# Switching from Tier 2 ICT to Tier 2 General Dependant



## Mou (Apr 28, 2013)

Hello All,

I am currently working on Tier 2 ICT . My kids are my dependants.
I want to switch to Dependent Tier 2 General. (My husband is on Tier2 general)

1> Can this be done from UK?I am from India, do I have to go back to India to get my dependent visa stamped?

2> DO my kids (already on my dependent visa) also have to travel back to India to get their dependent visa changed?

Regards
mou


----------



## Joppa (Sep 7, 2009)

Mou said:


> Hello All,
> 
> I am currently working on Tier 2 ICT . My kids are my dependants.
> I want to switch to Dependent Tier 2 General. (My husband is on Tier2 general)
> ...


Yes, in UK, as long as your Tier 2 ICT hasn't expired.

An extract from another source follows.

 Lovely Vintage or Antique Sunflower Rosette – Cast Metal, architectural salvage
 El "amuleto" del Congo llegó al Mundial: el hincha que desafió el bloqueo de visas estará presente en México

> 2> DO my kids (already on my dependent visa) also have to travel back to India to get their dependent visa changed?


No.


----------



## samirharde (May 22, 2013)

hi mou

did you manage to apply from UK? I have same issue and want to know which form you have used to apply for your child?

Thanks
Samir


----------



## tina1981 (Jun 5, 2013)

Hello Samir/Mou, Have you got this done? Is it possible to do in UK?


----------